Exclude all images and print the entries below exactly.

■ **RECORDS SHOWN**
___

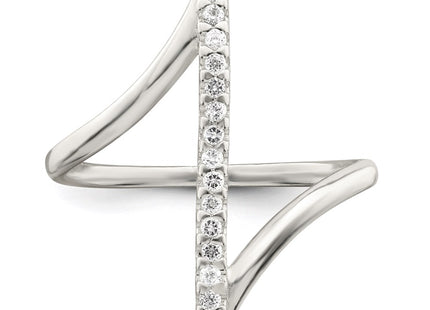 Sterling Silver Rings Style QR6673 - Classique Jewelry Inc.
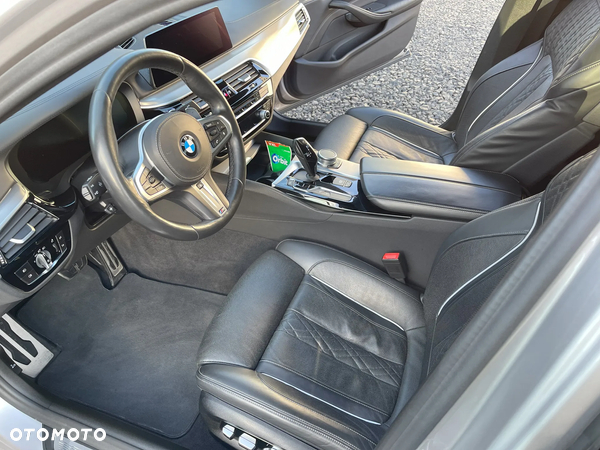 BMW Seria 5 525d M Sport sport - 10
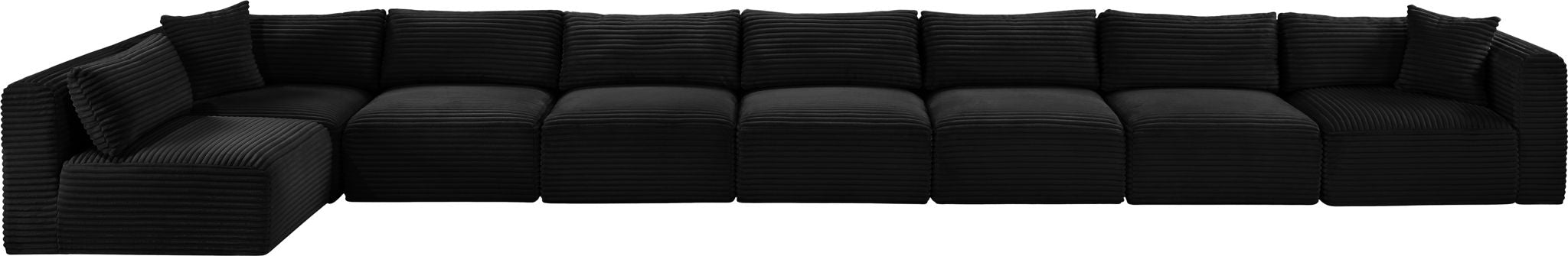 Shaggy - 8 Piece Modular Sectional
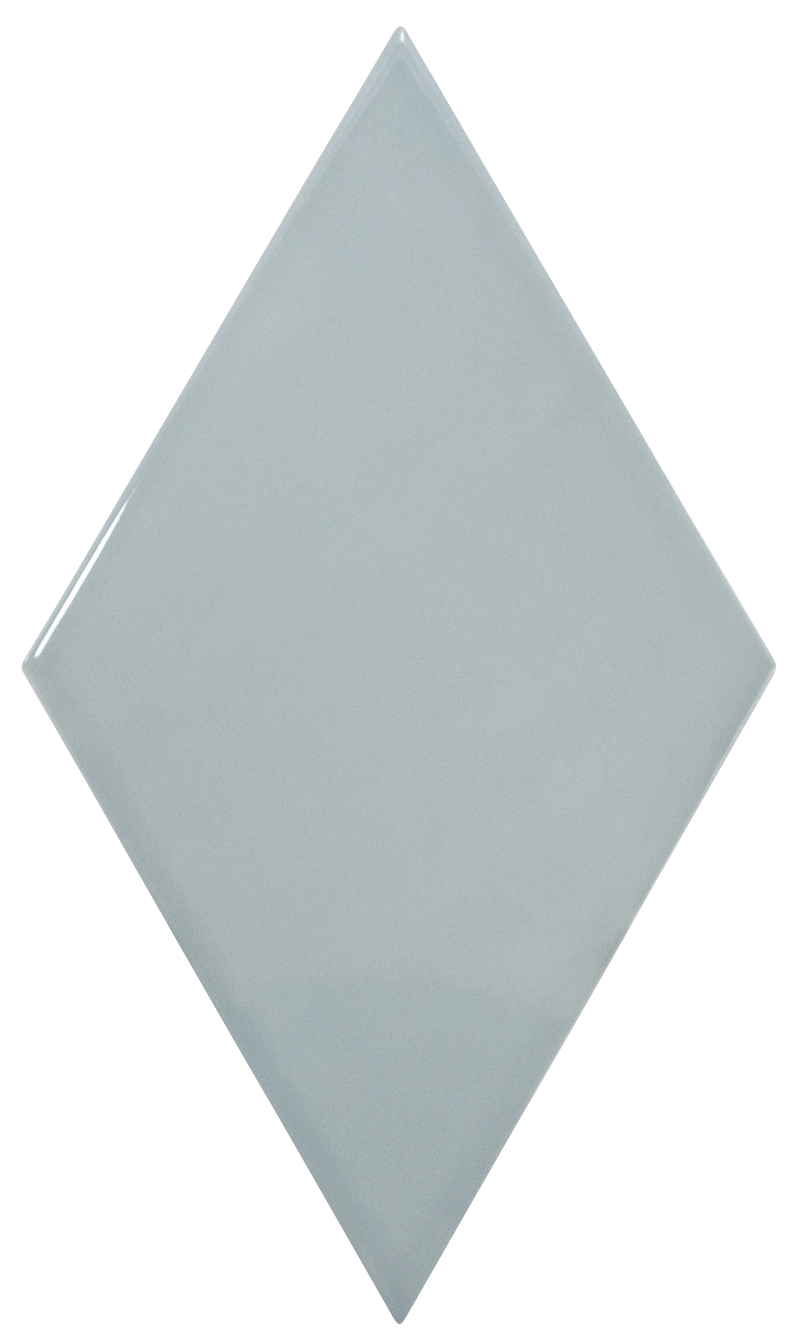 Seinälaatta Cello Rhombus 15,2x26,3 vaaleansininen kiiltävä 1m²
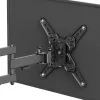 TV laikiklis Techly ICA-LCD 423, 106,7 cm (42 inch), juodas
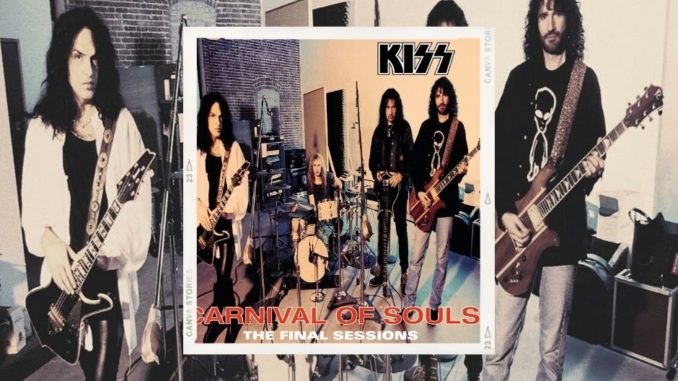 Kiss carnival CD
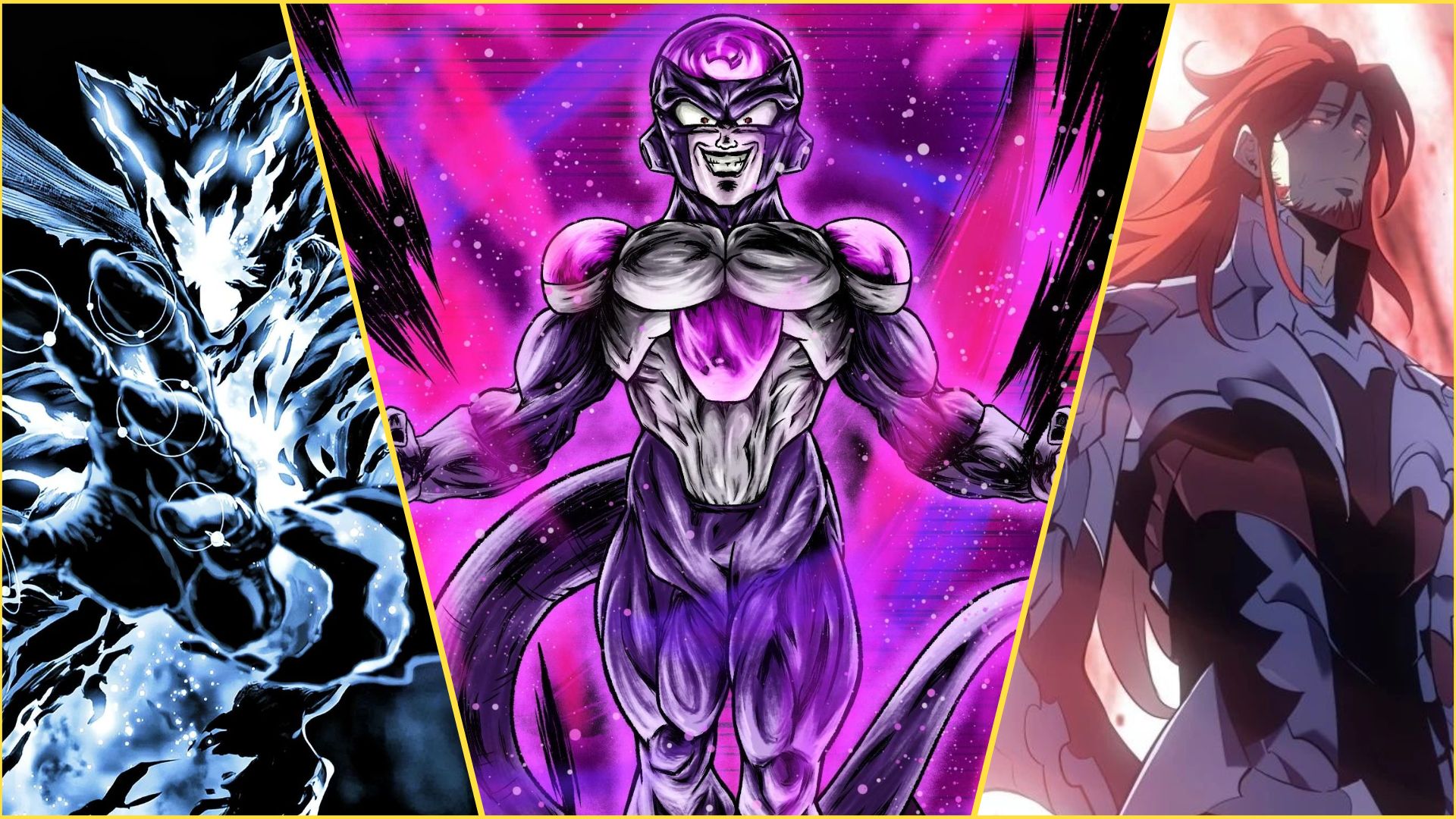 8 Shonen Anime With The Strongest Villains, Ranked
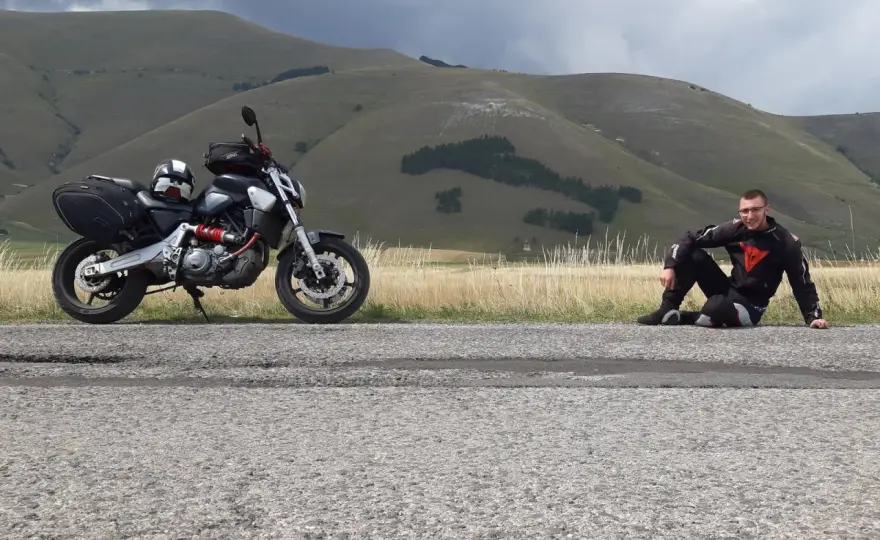 Passo San Antonio in moto - La guida che non ti aspetti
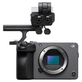 Camera-Sony-FX30-Cinema-Line-4K-com-Alca-Handle-XLR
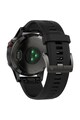 Garmin Ceas smartwatch  Fenix 5 Sapphire, HR, GPS, Black Sapphire Barbati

___

■ **EXERCISE SOLUTION**
 Sterling Silver Rings Style QR6673 - Classique Jewelry Inc.
 BMW Seria 5 525d M Sport sport - 10
 Shaggy - 8 Piece Modular Sectional
 Seinälaatta Cello Rhombus 15,2x26,3 vaaleansininen kiiltävä 1m²
 TV laikiklis Techly ICA-LCD 423, 106,7 cm (42 inch), juodas
 Kiss carnival CD
 8 Shonen Anime With The Strongest Villains, Ranked
 Passo San Antonio in moto - La guida che non ti aspetti
 Camera-Sony-FX30-Cinema-Line-4K-com-Alca-Handle-XLR
 Garmin Ceas smartwatch  Fenix 5 Sapphire, HR, GPS, Black Sapphire Barbati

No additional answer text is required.